### Task objective
Make an exact copy of the records, dropping all pictures.

········

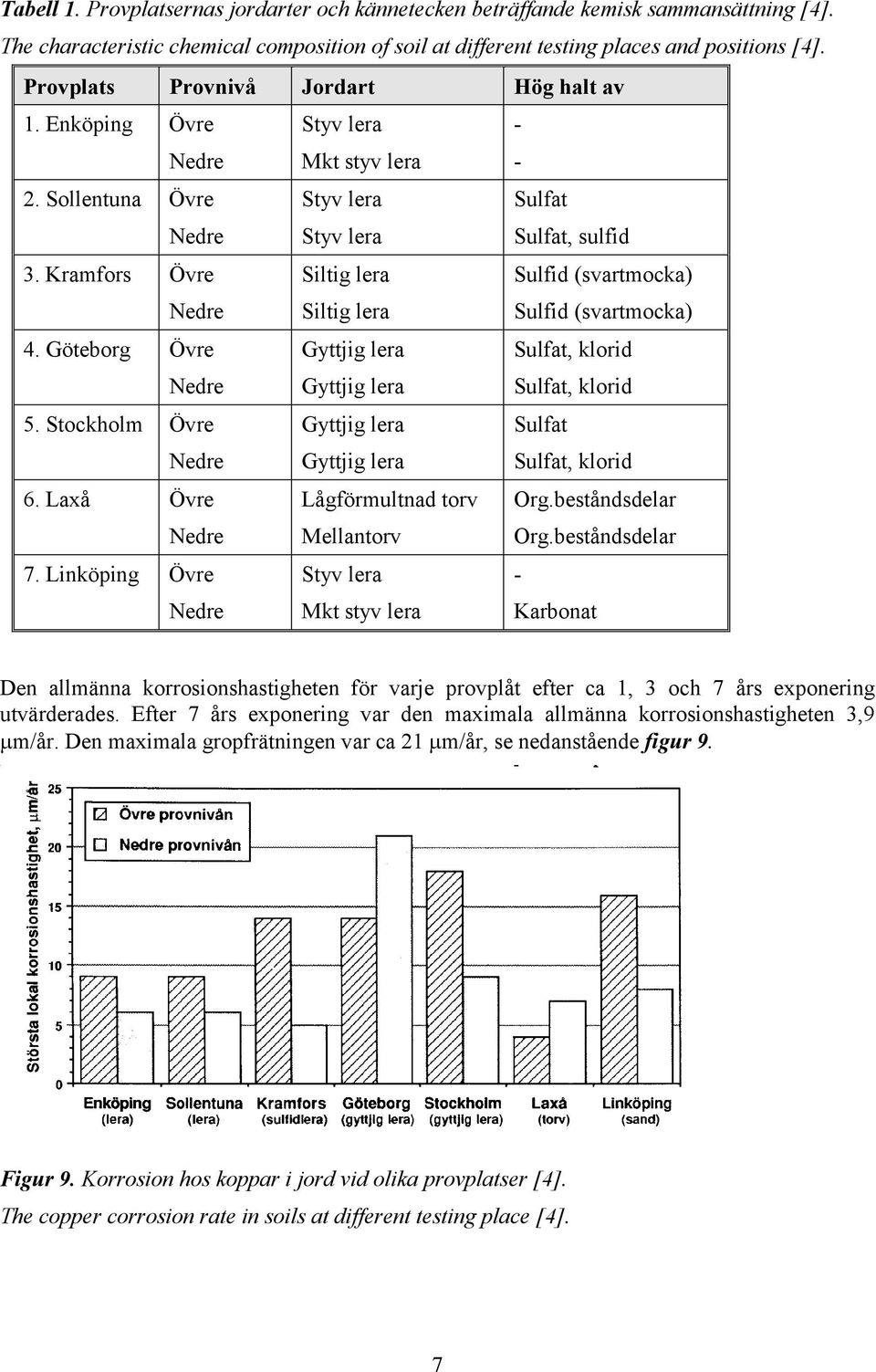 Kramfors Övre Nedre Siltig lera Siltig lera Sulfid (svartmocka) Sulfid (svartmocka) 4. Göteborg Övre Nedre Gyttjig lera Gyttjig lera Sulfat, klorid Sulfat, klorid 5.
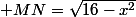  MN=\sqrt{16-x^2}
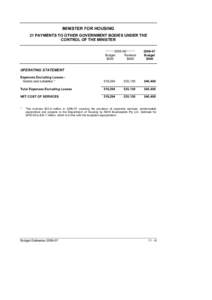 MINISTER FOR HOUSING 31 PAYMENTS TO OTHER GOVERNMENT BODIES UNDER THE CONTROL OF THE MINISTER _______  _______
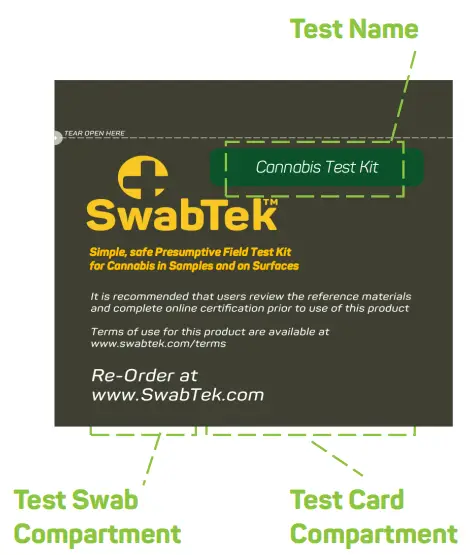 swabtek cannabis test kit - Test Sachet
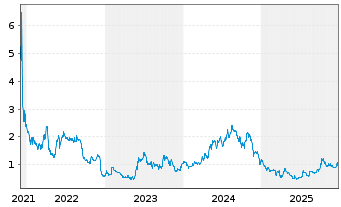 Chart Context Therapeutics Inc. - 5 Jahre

········

### Answer to this exercise
 Kramfors Övre Nedre Siltig lera Siltig lera Sulfid (svartmocka) Sulfid (svartmocka) 4. Göteborg Övre Nedre Gyttjig lera Gyttjig lera Sulfat, klorid Sulfat, klorid 5.
  MN=\sqrt{16-x^2}
 MINISTER FOR HOUSING 31 PAYMENTS TO OTHER GOVERNMENT BODIES UNDER THE CONTROL OF THE MINISTER _______  _______
 swabtek cannabis test kit - Test Sachet
 Chart Context Therapeutics Inc. - 5 Jahre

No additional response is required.